▶

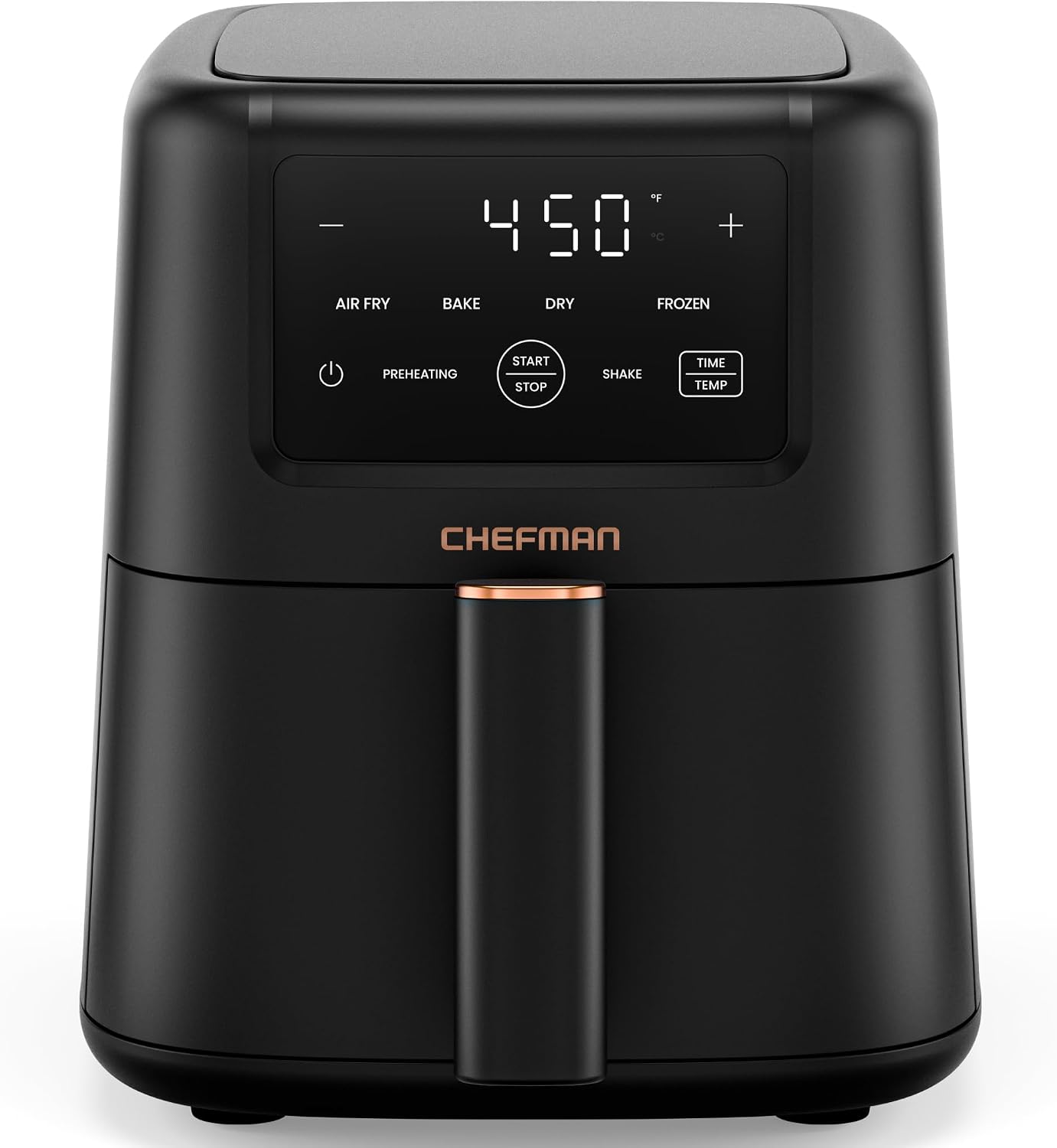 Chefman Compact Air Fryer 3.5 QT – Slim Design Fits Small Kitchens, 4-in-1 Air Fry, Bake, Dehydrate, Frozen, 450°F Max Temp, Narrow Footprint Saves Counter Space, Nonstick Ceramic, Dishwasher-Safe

◀
▶

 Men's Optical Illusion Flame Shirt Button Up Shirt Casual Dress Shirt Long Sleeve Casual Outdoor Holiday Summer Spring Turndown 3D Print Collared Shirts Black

◀
▶

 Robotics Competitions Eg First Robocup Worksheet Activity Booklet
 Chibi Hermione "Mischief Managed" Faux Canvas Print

◀

▸ Work instruction
Out of the data above, give again only the lines starting at the one holding "Robotics Competitions Eg" and ending at the one holding "Faux Canvas Print", unchanged.

▸ Result of this exercise
 Robotics Competitions Eg First Robocup Worksheet Activity Booklet
 Chibi Hermione "Mischief Managed" Faux Canvas Print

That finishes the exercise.